Pameran tunggal mereka kali ini, merupakan pameran tunggal kedua yang mengambil tema ‘H.O.Pe’ atau ‘Hyper.Over.Premature’. Pameran tunggal terakhir mereka di tahun 2011 dengan tema ‘Introvertasy Phobia’ dipamerkan di Kedai Kebun Forum, Yogyakarta. H.O.Pe bisa diartikan sebagai harapan, dimana melalui karya-karya mereka ini, thedeoMIXBLOOD ingin mengajak setiap individu untuk selalu memantapkan mereka pada harapan-harapan yang positif. Kenapa hyper? Karena memang karakter karya thedeoMIXBLOOD yang selalu membuat setiap karya terkesan dilebih-lebihkan. Figur-figur yang mereka ciptakan dibuat sedemikian rupa hingga terdeformasi secara asimetris.

H.O.Pe bagi mereka adalah sebuah pemaknaan terhadap kehidupan. Dalam proses mereka membuat karya untuk pameran kali ini, mereka menemukan berbagai pengalaman yang berbeda dari sebelumnya. Selain mereka menggunakan media baru yang mereka istilahkan sendiri dengan sebutan "klepiderma". Mereka pun melihat segala hal dari sudut yang lebih beragam dan kompleks. Menyadari kehidupan berawal dari kelahiran  yang didalamnya sudah disisipkan harapan-harapan. Tapi sebelum menginjak pada proses kelahiran, rencana merupakan hal yang lebih awal berada dibalik itu. Mengutip dari Surat An-Nahl ayat 19 disebutkan "Dan Allah tahu apa yang kamu rahasiakan dan apa yang kamu lahirkan (And Allah knows what you conceal and what you reveal"). Surat An Nahl ayat 19 ini menjadi pondasi mereka dalam mengerjakan setiap karya dalam pameran ini.
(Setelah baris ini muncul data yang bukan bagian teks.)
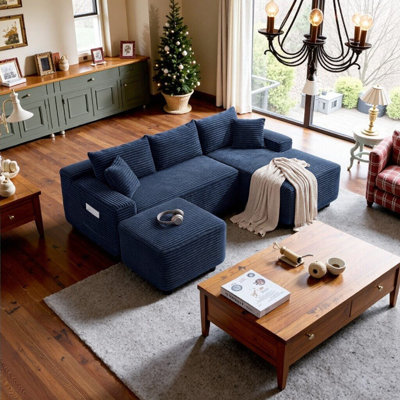 Modern Modular Sectional Sofa With L Shape Chaise, Deep Seat Couch For Living Room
H.O.Pe memasukan mimpi, harapan, hingga hasil yang menjadi lebih dari rencana dan dugaan awal; juga hal-hal baru yang lahir lebih dulu, yang terkesan 'premature'. Dari segala hal yang kompleks itu, mereka pun secara tidak langsung digiring begitu saja kedalam jejakan-jejakan lain yang lebih yaitu tradisi hingga spiritual. Mereka pun menemukan sebuah surat dalam Al-Quran yang menjelaskan tentang kehidupan secara menyeluruh (menurut mereka). An-Nahl yang sering disebut surat lebah, menerangkan kekayaan alam, yang akhirnya ada sebuah penjelasan tentang keistimewaan lebah. Mereka mengambil spirit-spirit tersebut, terutama keunikan bentuk segi enam dari sarang lebah yang ternyata bagi mereka dimaknai sebagai sebuah simbol kekuatan, saling berhubungan, saling berkait satu sama lain. Dan ternyata spirit dari sarang lebah tersebut mereka gunakan pada kontruksi dasar elemen baru mereka yaitu 'klepiderma'. 
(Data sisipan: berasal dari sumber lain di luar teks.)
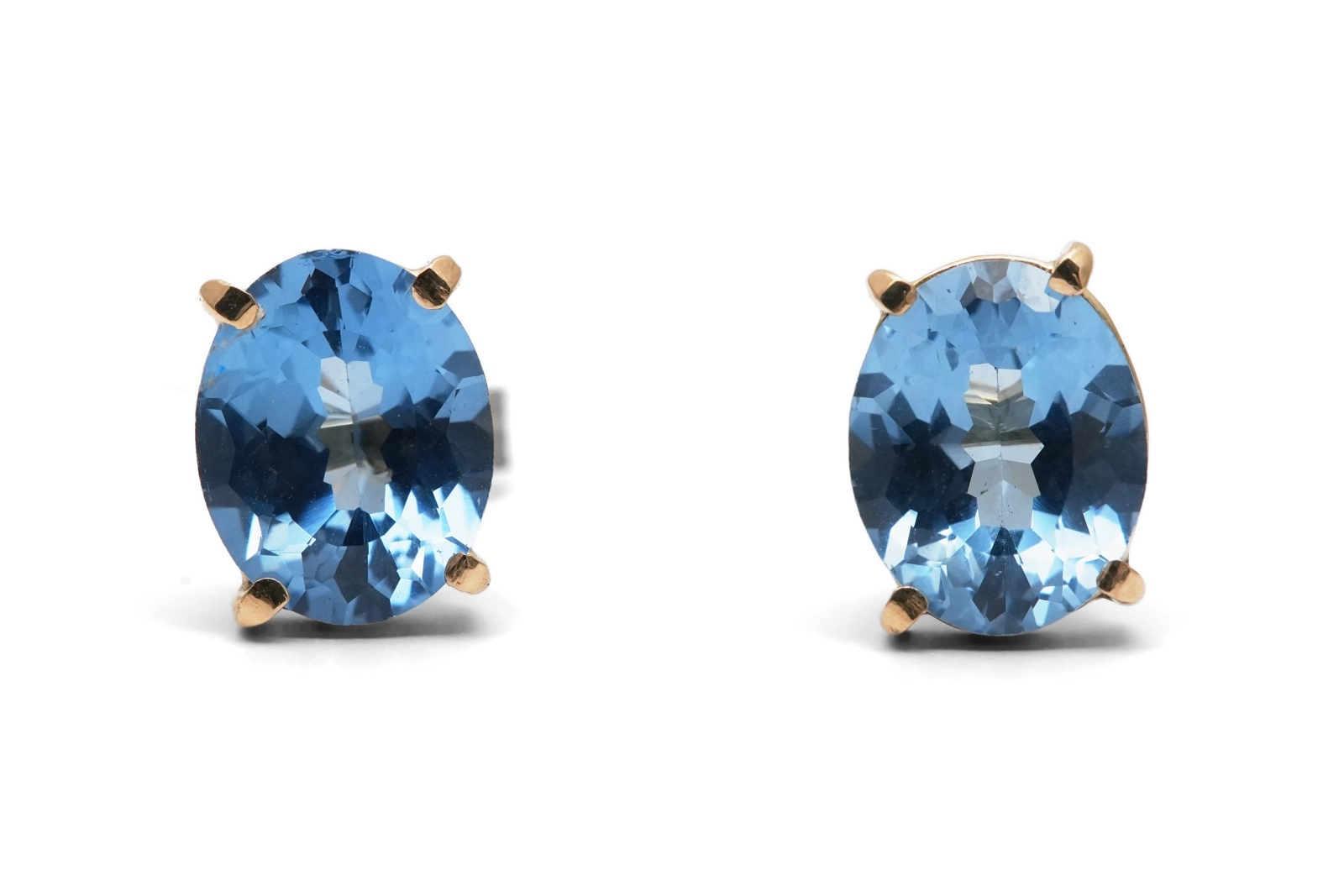 Boucles d'oreilles Années 70 en or jaune 9 carats serties de topazes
Klepiderma sendiri bagaikan sel-sel jaringan yang menguatkan 'tubuh' itu sendiri menjadi kokoh. thedeoMIXBLOOD tidak berusaha membawa hal-hal yang terkesan sangat religius kedalam pameran HOPe ini, bagi mereka surat An-Nahl tersebut menjadikan spirit inter personal mereka selama proses berkarya. Dan dasar dari semuanya adalah kehidupan secara utuh dengan segala elemen didalamnya yang saling berkaitan. ‘Klepiderma’ berangkat dari klep-klep lempengan besi yang mereka susun, membentuk segi enam dan kemudian mereka rangkai sedemikian rupa membentuk figure-figur tertentu. Figur-figur ini kemudian dilengkapi dengan kaki, tangan atau kepala yang diambil dari mainan-mainan baru atau bekas. Perhatikan setiap muka dari setiap figur yang mereka bangun. Gambaran mukanya masih mereka olah lagi tiap detailnya dengan teknik digital print sehingga terkesan si figur memiliki dua karakter yang berbeda. Misalnya, muka seperti Salvador Dali, tetapi mata dan mulutnya Buto Cakil. Gambaran ini ingin mereka tunjukkan bahwa setiap person yang kita temui, kita tidak pernah tahu apakah mereka orang baik atau sebaliknya. 

Atau pada karya instalasi berjudul ‘Incubator Absolution’, ada gambaran Gunungan didalam boks tranparan. Dimana Gunungan kita kenal di dunia pewayangan sebagai simbol awal kehidupan atau simbol dimulainya cerita ‘kehidupan’. Sehingga kita tetap menemukan unsur tradisi dalam karya thedeoMIXBLOOD kali ini. Dimana mereka ingin menyampaikan pesan agar dimana pun kita hidup atau tinggal tetap menjaga akar budaya, tradisi dan karakter yang kita punyai.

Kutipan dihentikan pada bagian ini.